_DATASET EXCERPTS_

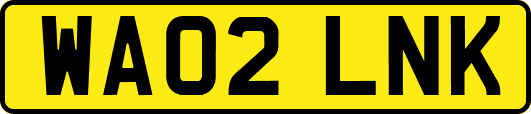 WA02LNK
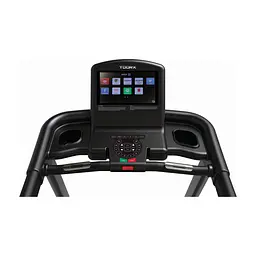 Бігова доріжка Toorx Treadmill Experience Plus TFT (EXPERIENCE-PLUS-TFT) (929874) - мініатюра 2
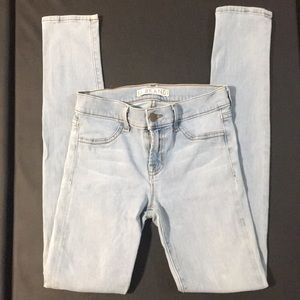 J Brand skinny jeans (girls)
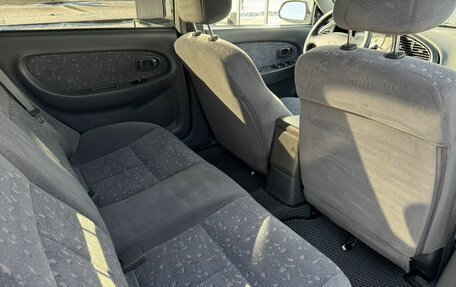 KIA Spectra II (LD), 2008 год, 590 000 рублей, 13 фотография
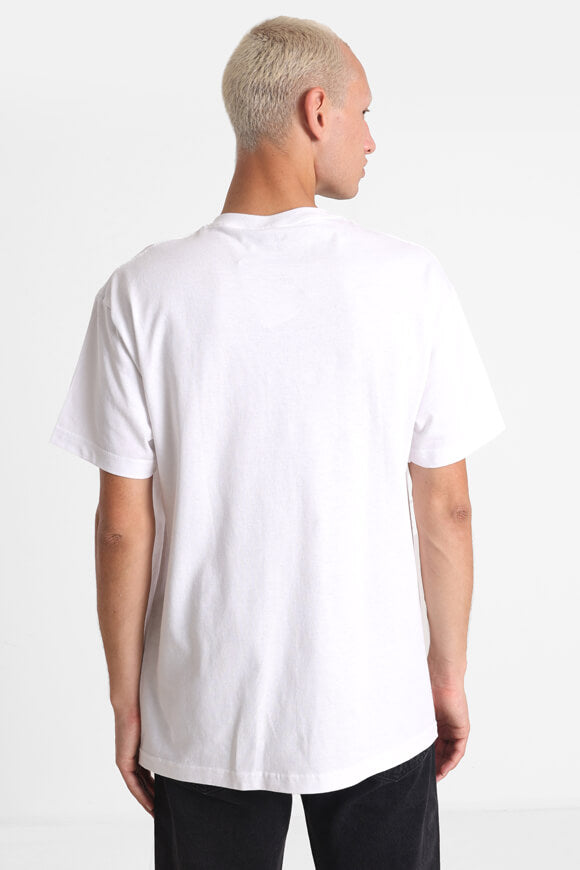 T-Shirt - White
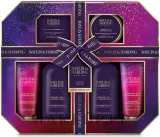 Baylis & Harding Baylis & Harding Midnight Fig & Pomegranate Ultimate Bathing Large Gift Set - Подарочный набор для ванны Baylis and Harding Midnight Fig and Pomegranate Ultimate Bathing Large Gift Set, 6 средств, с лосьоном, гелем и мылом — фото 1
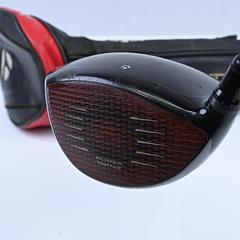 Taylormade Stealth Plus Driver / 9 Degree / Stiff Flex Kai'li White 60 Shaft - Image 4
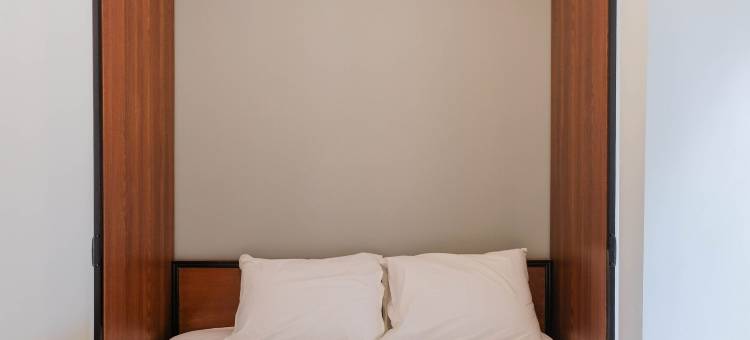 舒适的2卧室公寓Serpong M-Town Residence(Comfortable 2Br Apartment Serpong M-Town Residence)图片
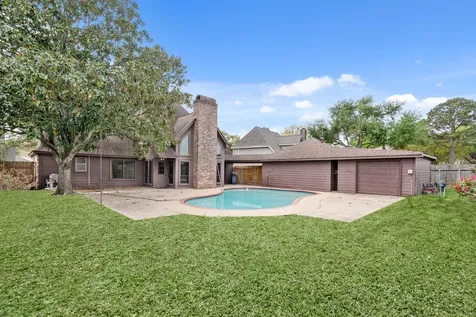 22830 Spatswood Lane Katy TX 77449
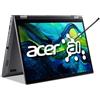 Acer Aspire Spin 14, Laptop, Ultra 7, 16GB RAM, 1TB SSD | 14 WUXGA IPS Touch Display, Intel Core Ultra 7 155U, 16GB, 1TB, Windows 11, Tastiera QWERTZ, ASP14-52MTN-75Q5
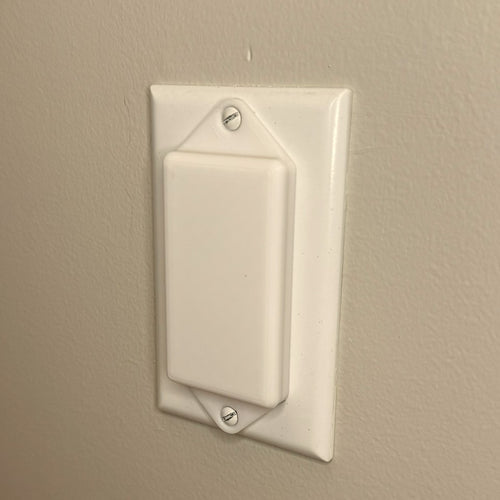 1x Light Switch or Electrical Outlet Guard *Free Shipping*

_EXERCISE PROMPT_
Please give again the entries word for word, starting at the first line and ending with the line that contains "Baylis & Harding Baylis"; include both of those lines but none of the pictures.

_RESULT OF THIS EXERCISE_
 WA02LNK
 Бігова доріжка Toorx Treadmill Experience Plus TFT (EXPERIENCE-PLUS-TFT) (929874) - мініатюра 2
 J Brand skinny jeans (girls)
 KIA Spectra II (LD), 2008 год, 590 000 рублей, 13 фотография
 T-Shirt - White
 Baylis & Harding Baylis & Harding Midnight Fig & Pomegranate Ultimate Bathing Large Gift Set - Подарочный набор для ванны Baylis and Harding Midnight Fig and Pomegranate Ultimate Bathing Large Gift Set, 6 средств, с лосьоном, гелем и мылом — фото 1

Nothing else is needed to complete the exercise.